*Aim of the exercise*
Search the listing below for the line containing "The Gift of Prophecy: Exami...". From there through the line containing "Samenvatting Retailmarketing, ISBN: 9789001593438", transcribe every line exactly, both ends included.

*Raw data*

-=-=-=-=-

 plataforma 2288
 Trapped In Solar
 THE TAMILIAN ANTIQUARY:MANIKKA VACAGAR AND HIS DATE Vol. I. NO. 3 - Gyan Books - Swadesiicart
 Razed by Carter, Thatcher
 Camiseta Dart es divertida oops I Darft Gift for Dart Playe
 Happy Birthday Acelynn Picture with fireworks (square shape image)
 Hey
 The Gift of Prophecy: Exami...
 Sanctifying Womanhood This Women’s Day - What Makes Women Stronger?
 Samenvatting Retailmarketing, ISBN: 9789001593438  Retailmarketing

-=-=-=-=-

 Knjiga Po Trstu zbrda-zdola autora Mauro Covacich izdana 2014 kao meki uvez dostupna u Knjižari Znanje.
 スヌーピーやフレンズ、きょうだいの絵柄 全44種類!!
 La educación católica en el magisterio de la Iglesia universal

-=-=-=-=-

*Problem solution*
 The Gift of Prophecy: Exami...
 Sanctifying Womanhood This Women’s Day - What Makes Women Stronger?
 Samenvatting Retailmarketing, ISBN: 9789001593438  Retailmarketing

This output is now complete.